Why did British refuse to trust sole witness to Netaji's death?



Declassified records show Habibur Rahman Khan was the only Indian witness to his leader's reported death on August 18, 1945.

British and Indian security officials who interrogated the main witness to the reported death of Netaji Subhas Chandra Bose disbelieved his version, Raj-era documents available in the National Archives, New Delhi show. Lt Col Habibur Rahman Khan, Subhas Chandra Bose's fiercely loyal ADC, was the only Indian witness to his leader's reported death in Taihoku (Taipei) on August 18, 1945.

The story of Netaji's death was based solely on the verbal account of Rahman, supported by unsatisfactory supporting statements of a few Japanese.

It turns out that even Rahman's version was doubtful and therefore not believed by the Raj-era officials who investigated Bose's death soon after it was reported by the Japanese.

The investigation into Bose's reported death was monitored by the combined section at the military intelligence directorate in the GHQ, India under the lead of IB deputy director W McK Wright.

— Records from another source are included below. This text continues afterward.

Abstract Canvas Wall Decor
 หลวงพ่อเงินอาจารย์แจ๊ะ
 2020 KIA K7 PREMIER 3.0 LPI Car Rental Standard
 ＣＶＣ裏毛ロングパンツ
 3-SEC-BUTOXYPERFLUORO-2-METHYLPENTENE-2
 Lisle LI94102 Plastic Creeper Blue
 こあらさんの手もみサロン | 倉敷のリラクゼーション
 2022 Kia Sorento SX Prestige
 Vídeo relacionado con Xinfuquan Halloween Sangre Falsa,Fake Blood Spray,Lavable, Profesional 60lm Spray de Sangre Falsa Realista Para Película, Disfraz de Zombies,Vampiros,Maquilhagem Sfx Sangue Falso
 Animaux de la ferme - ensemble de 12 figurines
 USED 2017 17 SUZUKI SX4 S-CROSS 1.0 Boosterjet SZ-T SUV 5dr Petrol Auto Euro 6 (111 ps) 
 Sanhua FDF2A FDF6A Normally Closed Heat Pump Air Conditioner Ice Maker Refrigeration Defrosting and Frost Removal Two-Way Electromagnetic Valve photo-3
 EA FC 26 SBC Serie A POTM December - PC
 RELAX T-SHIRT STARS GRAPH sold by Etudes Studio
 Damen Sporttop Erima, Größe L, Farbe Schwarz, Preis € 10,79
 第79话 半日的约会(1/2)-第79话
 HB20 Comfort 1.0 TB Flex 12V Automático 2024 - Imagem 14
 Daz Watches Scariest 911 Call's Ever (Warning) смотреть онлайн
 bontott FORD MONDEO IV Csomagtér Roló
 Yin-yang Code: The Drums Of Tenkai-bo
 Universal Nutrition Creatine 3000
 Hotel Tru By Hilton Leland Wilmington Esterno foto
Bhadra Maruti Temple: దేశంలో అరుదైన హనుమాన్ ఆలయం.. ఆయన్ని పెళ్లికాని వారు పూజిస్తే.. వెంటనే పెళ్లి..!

On March 25, 1946, McK Wright was informed by Colonel GD Anderson, who had supervised Rahman's interrogation at the Red Fort, that even after months Rahman still "adhered to his earlier attitude of ingenuous denial".
[The National Archives, New Delhi] 


Interrogating officer Major Hyat Khan conveyed to Anderson in his hand written report - available in the National Archives in New Delhi - that even if Rahman "was in the know of Bose's plans, he would not disclose them. His manner is not very convincing. He talks in a secretive way even if no one is about".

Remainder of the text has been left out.